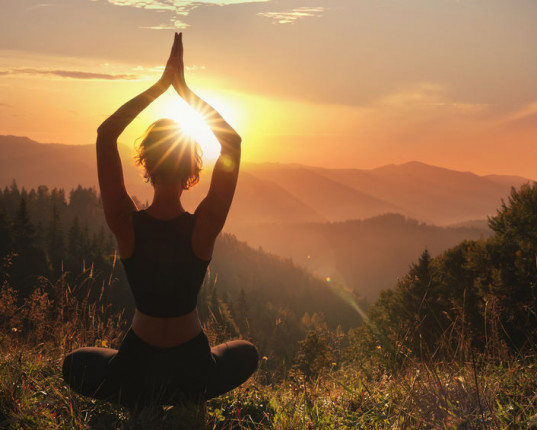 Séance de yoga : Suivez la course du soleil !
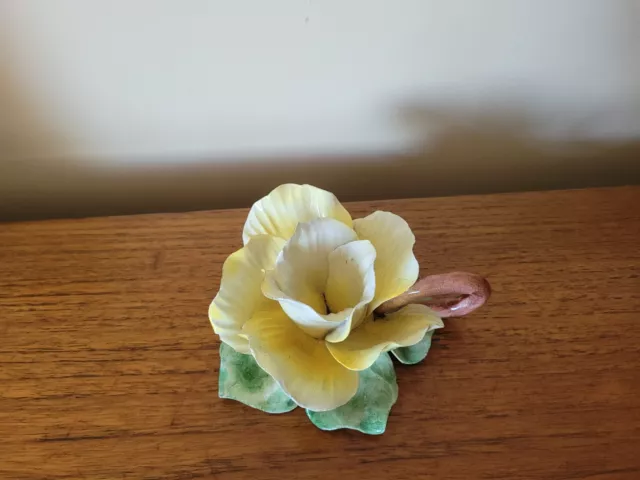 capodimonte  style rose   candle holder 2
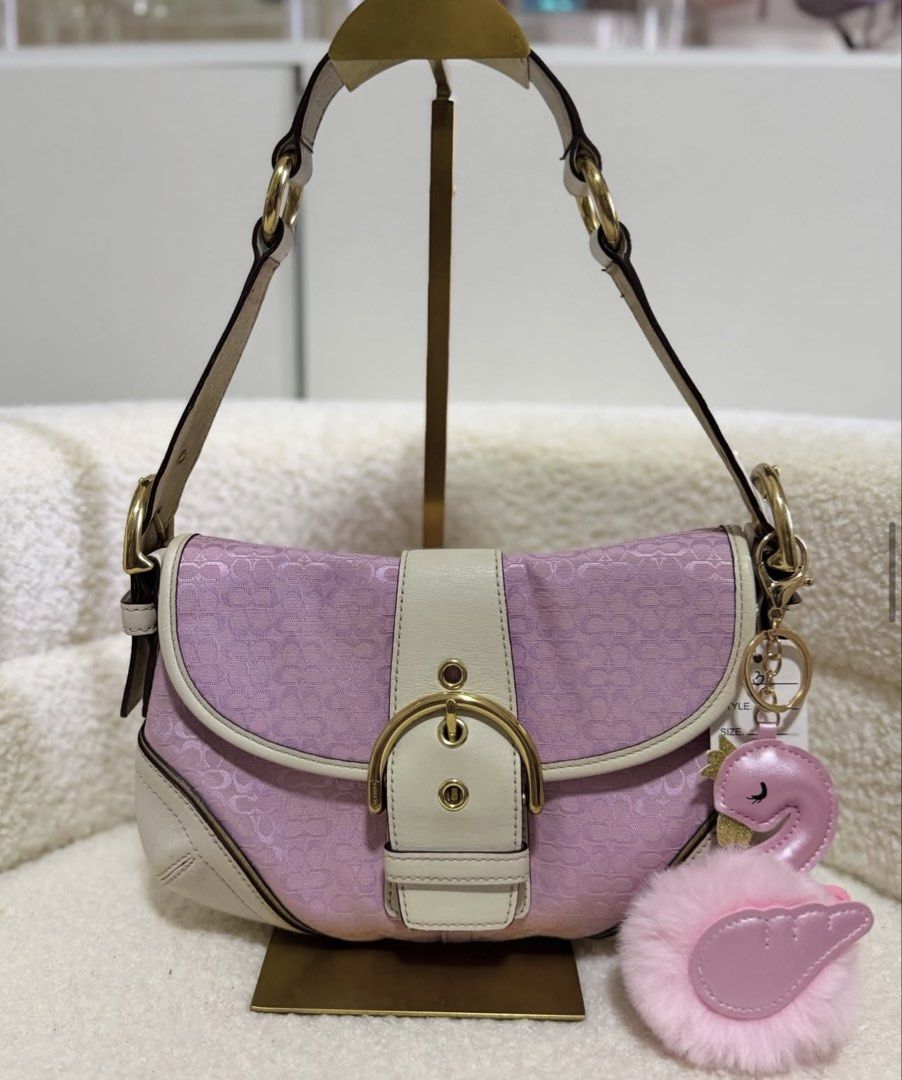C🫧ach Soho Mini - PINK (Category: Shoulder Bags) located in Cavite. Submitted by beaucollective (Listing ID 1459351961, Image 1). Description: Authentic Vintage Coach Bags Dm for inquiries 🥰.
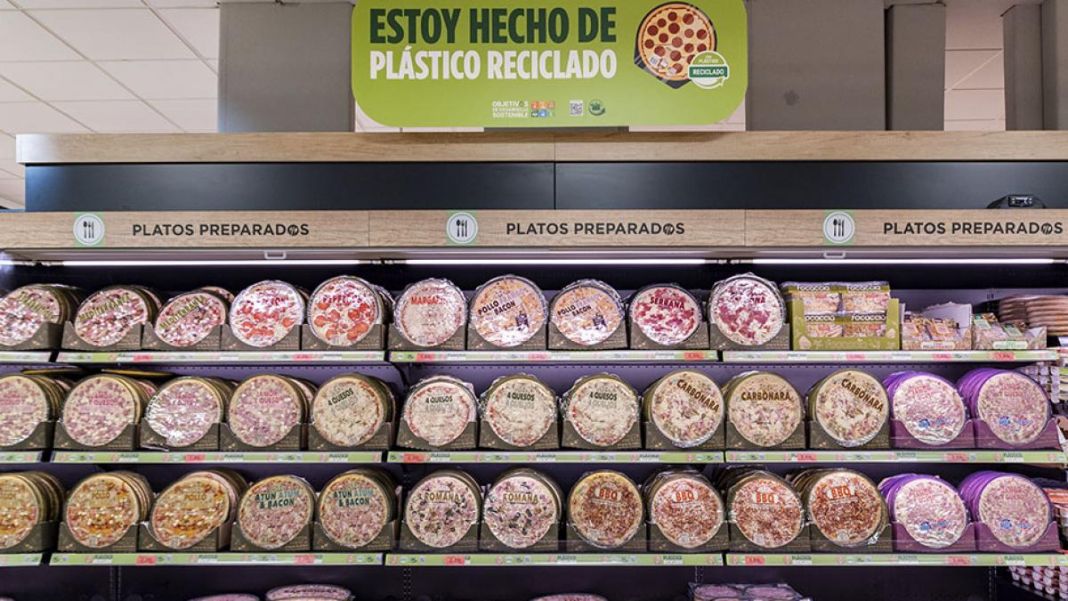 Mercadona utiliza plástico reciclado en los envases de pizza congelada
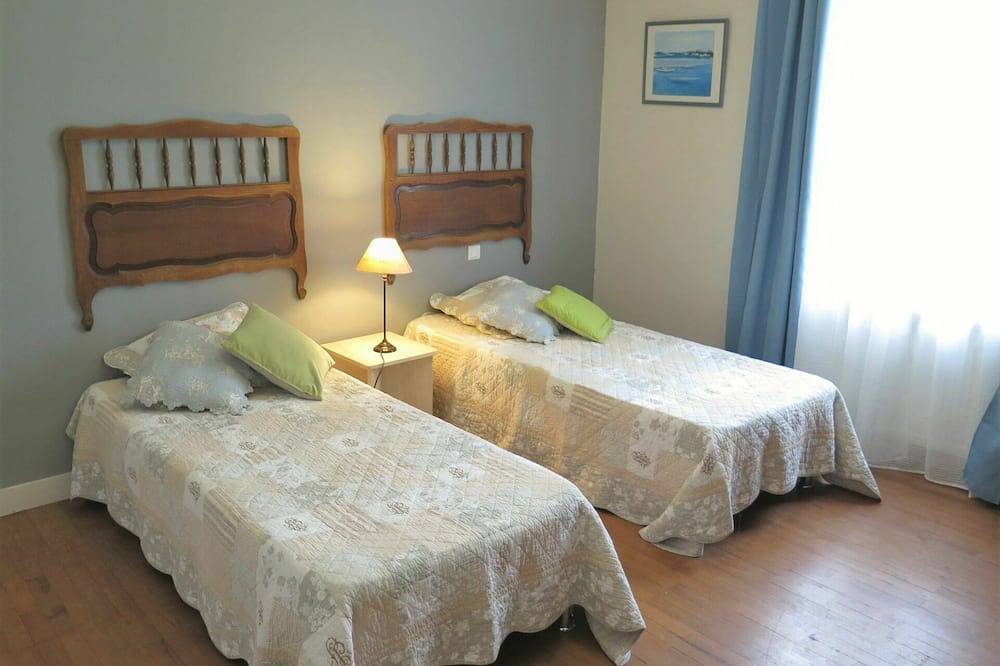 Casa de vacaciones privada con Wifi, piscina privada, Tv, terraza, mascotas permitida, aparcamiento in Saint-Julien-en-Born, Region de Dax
_ _ _ _ _ _ _
■ Instructions to follow ■
The listing above should be repeated word for word, pictures removed.

■ Exercise output ■
 Séance de yoga : Suivez la course du soleil !
 capodimonte  style rose   candle holder 2
C🫧ach Soho Mini - PINK (Category: Shoulder Bags) located in Cavite. Submitted by beaucollective (Listing ID 1459351961, Image 1). Description: Authentic Vintage Coach Bags Dm for inquiries 🥰.
 Mercadona utiliza plástico reciclado en los envases de pizza congelada
 Casa de vacaciones privada con Wifi, piscina privada, Tv, terraza, mascotas permitida, aparcamiento in Saint-Julien-en-Born, Region de Dax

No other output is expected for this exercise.